* **Task prompt**:
Print the data that follows exactly as it stands, from its first line through the line containing "L’arte romana fu", and stop there.

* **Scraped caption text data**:

━━━━━━━━━━━━━━━━

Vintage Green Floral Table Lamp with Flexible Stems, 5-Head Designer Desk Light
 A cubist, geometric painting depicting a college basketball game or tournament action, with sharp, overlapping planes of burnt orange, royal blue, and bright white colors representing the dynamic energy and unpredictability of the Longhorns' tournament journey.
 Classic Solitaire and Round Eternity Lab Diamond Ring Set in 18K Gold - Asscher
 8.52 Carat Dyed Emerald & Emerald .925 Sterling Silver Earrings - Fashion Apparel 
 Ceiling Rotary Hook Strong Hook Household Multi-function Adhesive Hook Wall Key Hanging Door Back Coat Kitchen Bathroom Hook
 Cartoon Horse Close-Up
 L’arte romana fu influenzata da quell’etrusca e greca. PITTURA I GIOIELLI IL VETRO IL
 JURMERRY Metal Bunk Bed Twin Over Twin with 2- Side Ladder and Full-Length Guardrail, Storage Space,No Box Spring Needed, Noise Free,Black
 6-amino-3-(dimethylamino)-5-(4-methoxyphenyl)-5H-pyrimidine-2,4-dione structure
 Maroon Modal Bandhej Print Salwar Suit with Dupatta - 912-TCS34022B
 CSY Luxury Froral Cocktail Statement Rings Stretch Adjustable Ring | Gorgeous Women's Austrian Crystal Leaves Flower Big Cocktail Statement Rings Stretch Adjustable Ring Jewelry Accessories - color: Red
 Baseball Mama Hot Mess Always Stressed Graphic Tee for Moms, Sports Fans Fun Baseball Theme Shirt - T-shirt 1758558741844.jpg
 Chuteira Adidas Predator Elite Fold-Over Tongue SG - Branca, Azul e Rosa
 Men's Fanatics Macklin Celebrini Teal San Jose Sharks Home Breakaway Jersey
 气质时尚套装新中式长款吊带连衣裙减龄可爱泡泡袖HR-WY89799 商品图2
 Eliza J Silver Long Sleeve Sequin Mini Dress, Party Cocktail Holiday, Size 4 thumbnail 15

━━━━━━━━━━━━━━━━

* **The answer**:
Vintage Green Floral Table Lamp with Flexible Stems, 5-Head Designer Desk Light
 A cubist, geometric painting depicting a college basketball game or tournament action, with sharp, overlapping planes of burnt orange, royal blue, and bright white colors representing the dynamic energy and unpredictability of the Longhorns' tournament journey.
 Classic Solitaire and Round Eternity Lab Diamond Ring Set in 18K Gold - Asscher
 8.52 Carat Dyed Emerald & Emerald .925 Sterling Silver Earrings - Fashion Apparel 
 Ceiling Rotary Hook Strong Hook Household Multi-function Adhesive Hook Wall Key Hanging Door Back Coat Kitchen Bathroom Hook
 Cartoon Horse Close-Up
 L’arte romana fu influenzata da quell’etrusca e greca. PITTURA I GIOIELLI IL VETRO IL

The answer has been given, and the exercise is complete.